Tuesday, October 16, 2007

Hierarchy of Student Decision Making Step 5- Will I Like it?


This is the final installment on the Hierarchy of Student Decision Making.
Introduction How they Choose click here
Installment 2- Can I Get In?
click here.
Installment 3 - Can I Afford it?
click here
Installment 4 - Can I Graduate? click here
Installment 5 -Can I Get a Job click here




The Hierarchy of Student Decision-Making Step 5

Will I Like It?

When the four other hierarchical steps/decisions are satisfied in one or another way, the final enroll/stay question comes into play. This is a question that is less practical perhaps but becomes the primary concern for students once issues 1-4 are resolved. This decision question - Will I like it?

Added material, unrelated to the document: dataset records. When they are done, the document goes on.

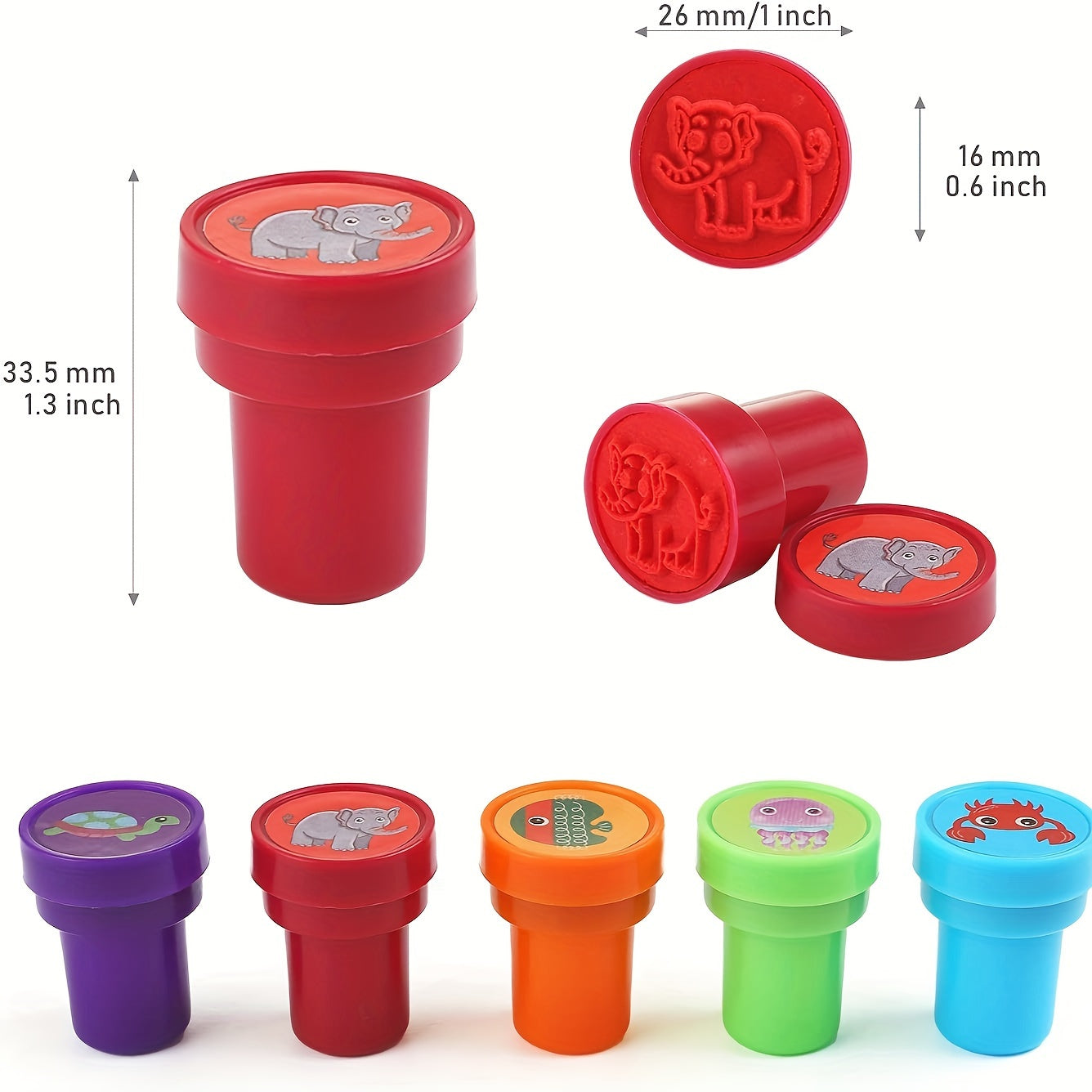 26 rang-barang hayvon markasi to'plami, plastik, o'qituvchilar, bayramlar va hunarmandchilik uchun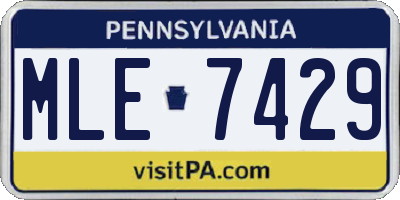 PA license plate MLE7429
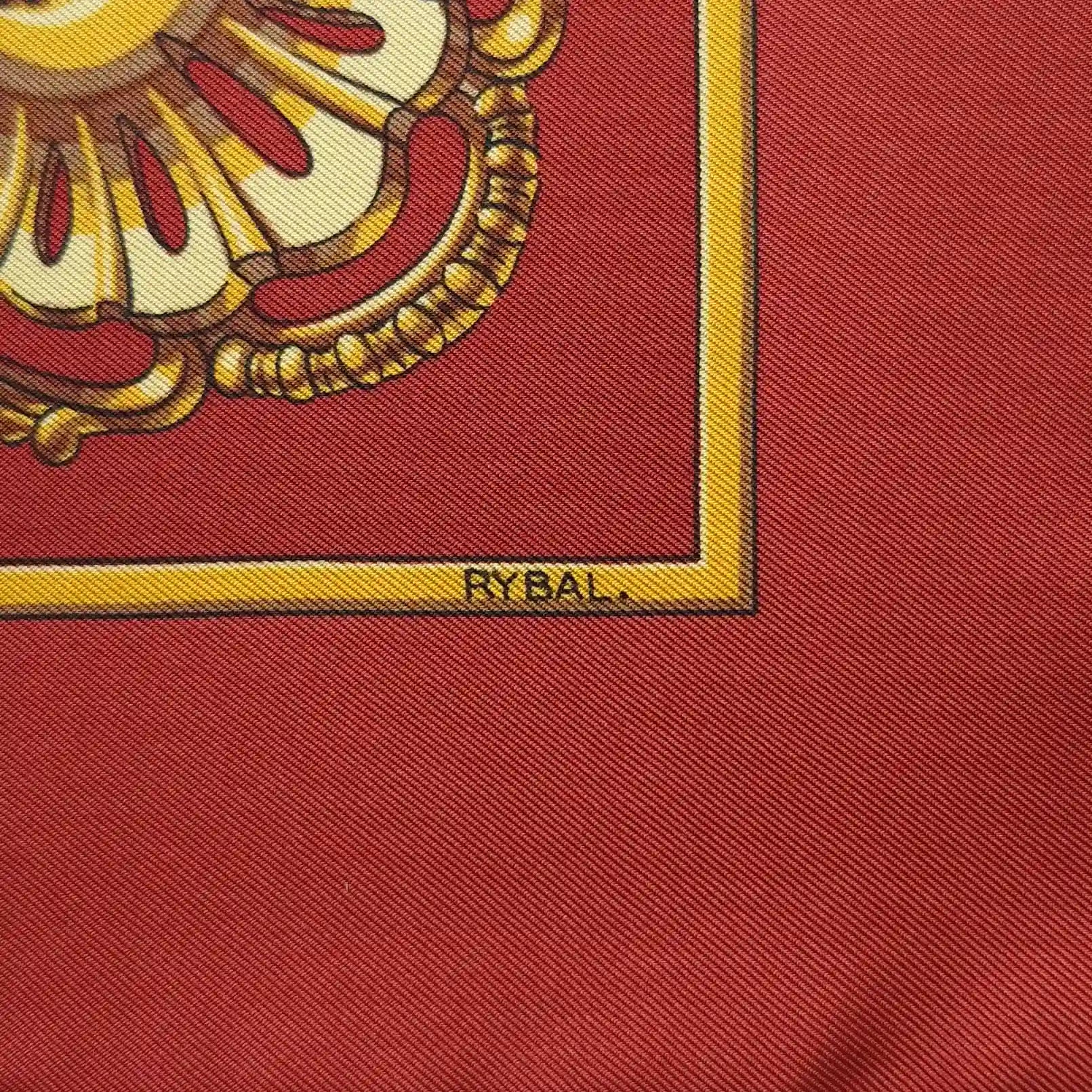 Hermès scarf Les Trois Mousquetaires red silk 90cm Rybaltchenko detail
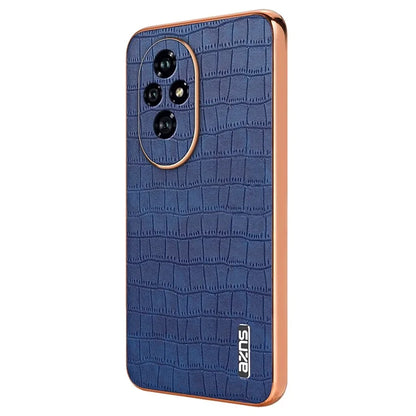 AZNS For Honor 200 Pro 5G Case PU Leather Crocodile Texture Phone Back Cover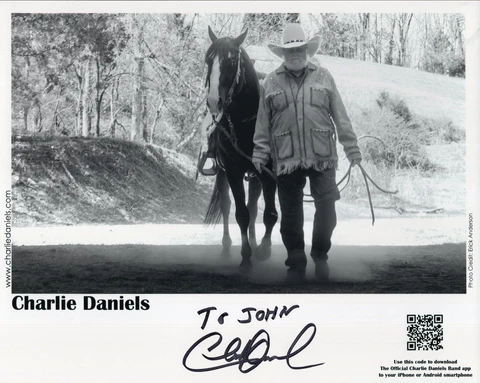 CHARLIE DANIELS HAND SIGNED 8x10 PHOTO+COA          MUSIC LEGEND        TO JOHN Cover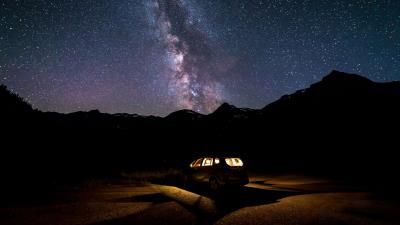 Car starry sky milky way 4k wallpaper
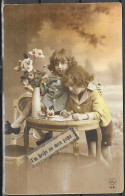 PORTUGAL RPPC   POSTCARD 1922 TINTED  CHILDREN ROSES "UM BEIJO AO MEU PAPA"  - Fotografía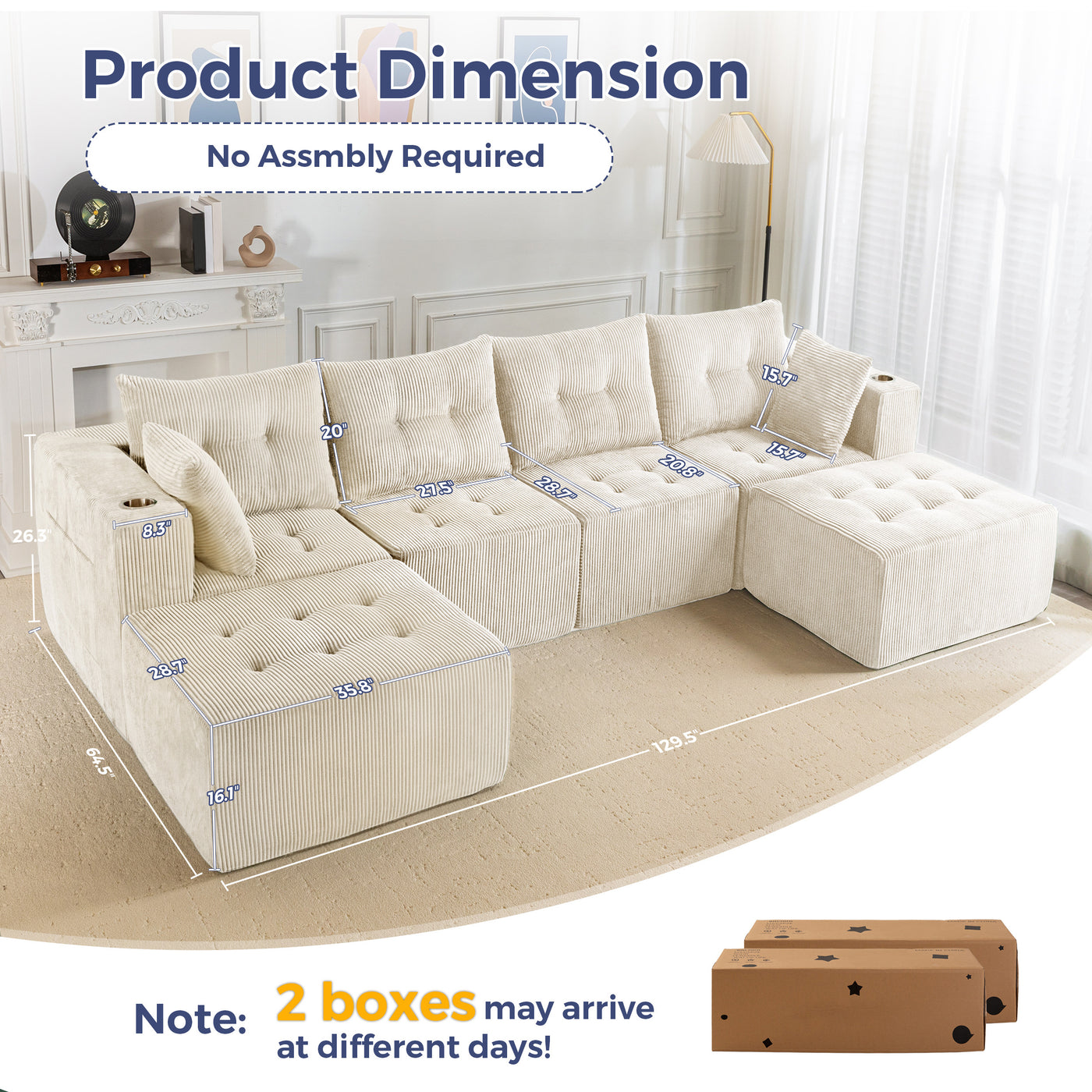 MAXYOYO Modular Sectional Sofa Couch, U Shaped Modern Cloud Couch with 2 Ottomans, Sofa in A Box, Tufted 6-Seat Boneless Sleeper Chair for Living Room, No Assembly Required, Beige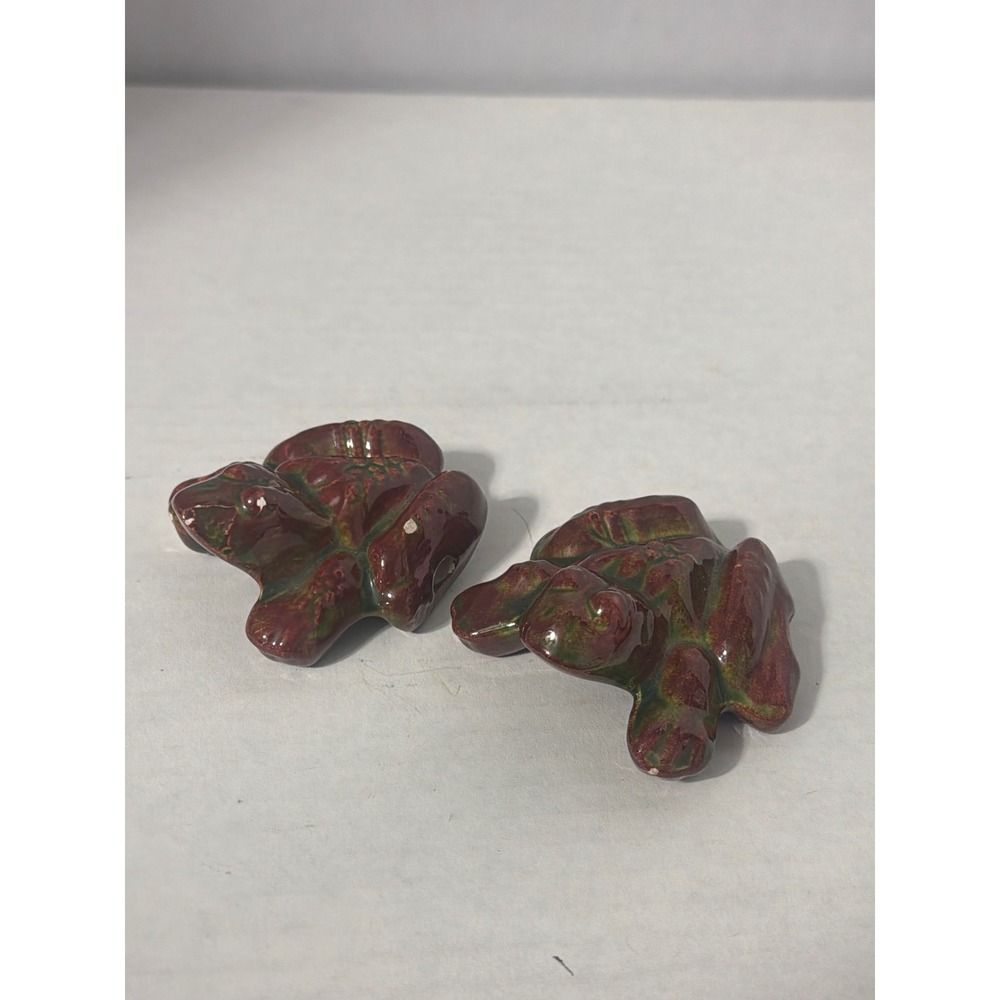 Vintage Ceramic Frog Figurines Pair Burgundy Green Drip Glaze Toad Decor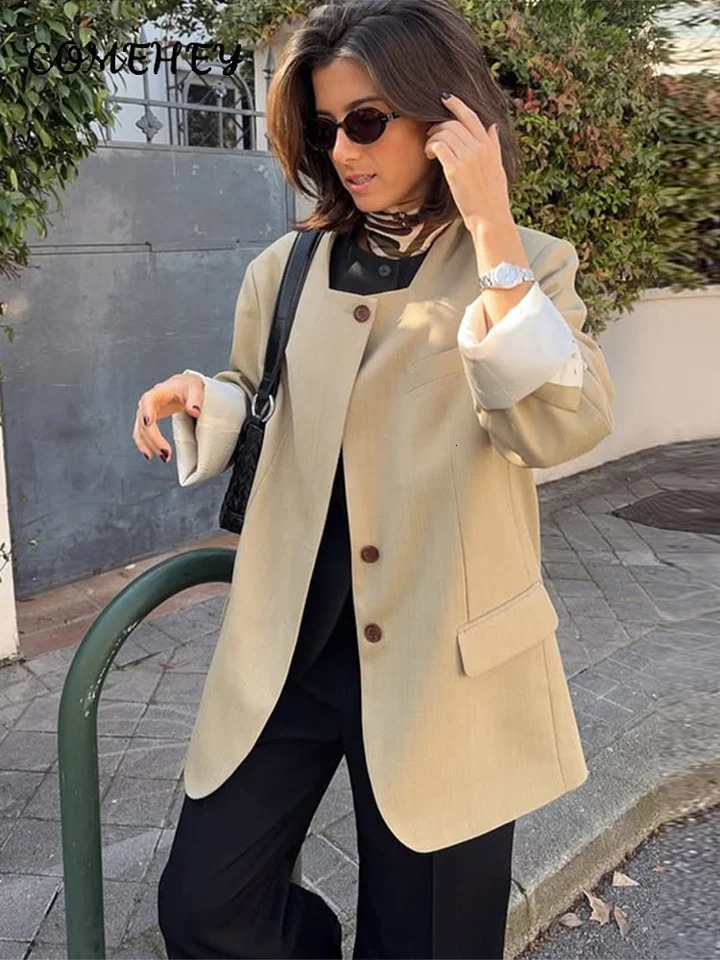 Casual Solid Jacket Womens Square Collar Single Chest Full Sleeve Pocket 2025 Spring Fashion 250407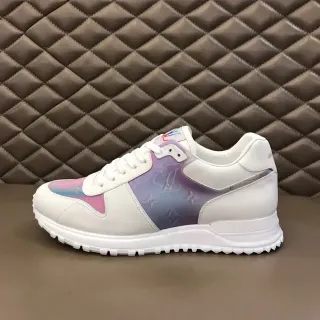 Louis Vuitton LV Trainer Blancos y Morados Cuero Panel Monogram Iridiscente Lifestyle Sneakers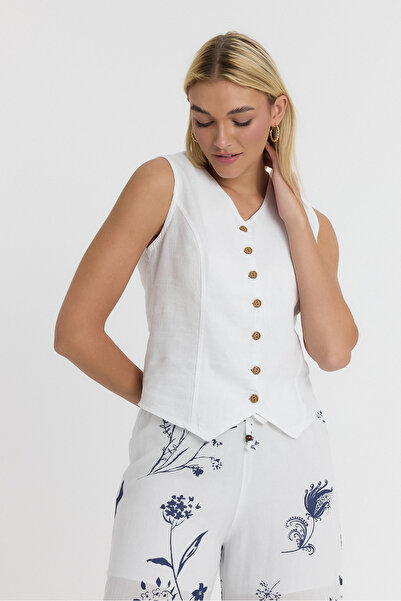 TCT TEKSTİL Linen Vienna Vest - Full Button - 1590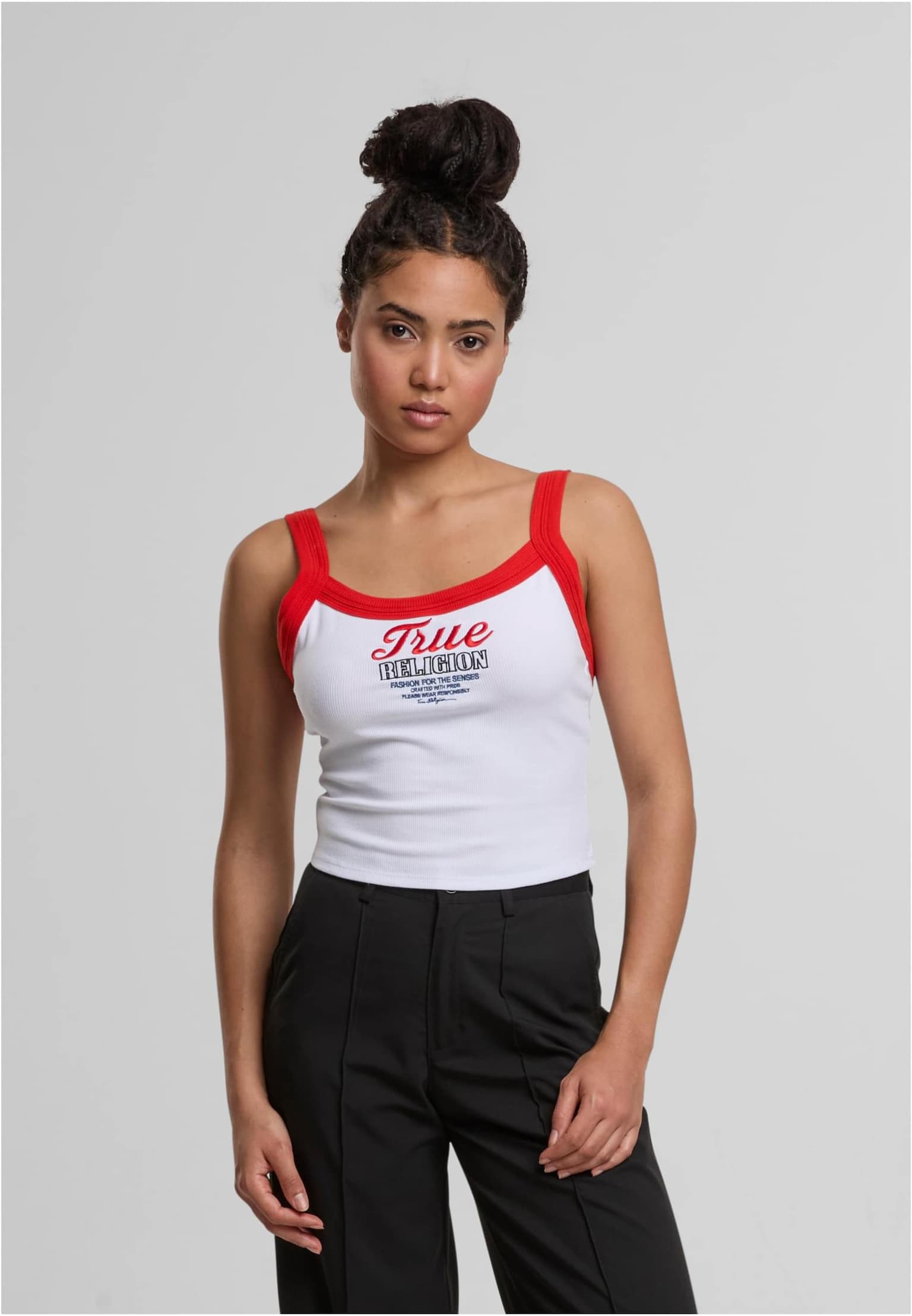 True Religion EMBROIDERED CONTRAST RIB TANK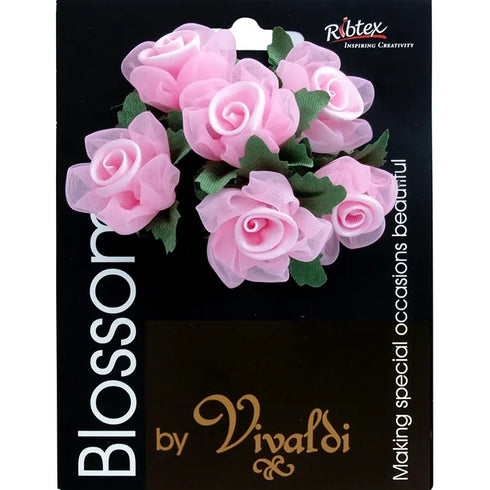 30mm Satin-Organza Rose Flowers (available in 2 colours)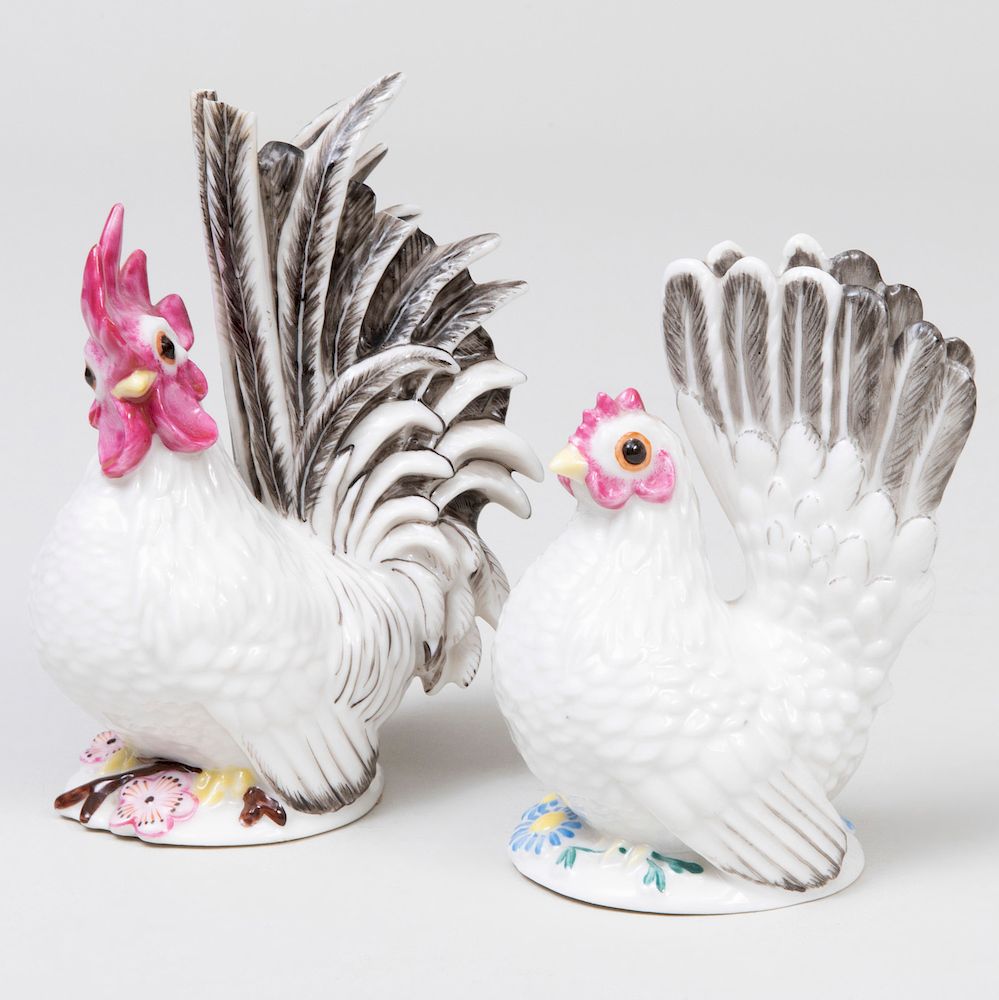 Appraisal: Pair of Nymphenburg Porcelain Models of a Rooster and Hen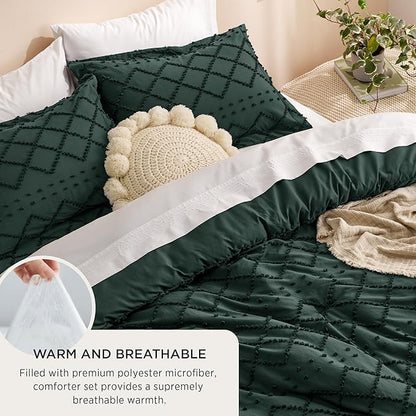 Bedsure Twin/Twin XL Comforter Set - Forest Green Boho Twin Extra Long Comforter Set for College, Shabby Chic Dorm Bedding Set, 2 Pieces Modern Farmhouse Bed Set, includes 1 Pillow Sham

Colleges and universities almost always make the answer a rather simplistic statement of a fairly complex issue. Most schools boil the enjoy issue down to one of two words – satisfaction and/or enjoyment. And they then implement these through activities the institution provides such as events or spectator sports. The belief is that if students enjoy things, they will be satisfied. But what one person likes or enjoys may not be what another does. What a school does in the belief that “they will enjoy it” often, nah, usually misses the mark by a wide margin.

Satisfaction?
Is the student satisfied? As it was put so well so many years ago by the Rolling Stones “I can’t get no satisfaction” no matter what I try. Part of the reason is that no one knows what satisfaction really is. And when found, it is quite fleeting. What is satisfying to one is not necessarily satisfying to another. Could it be pleasure? But pleasure too seems so momentary and hedonistic. Like eating a good meal or even making love. When it is being eaten or being made it may be pleasurable but when done… It’s over. Satisfaction? Fleeting at best. Not what one wants to base a service program on but so many will settle for it because it sounds right and there are even surveys that can “measure” it. So maybe satisfaction is a good indicator of….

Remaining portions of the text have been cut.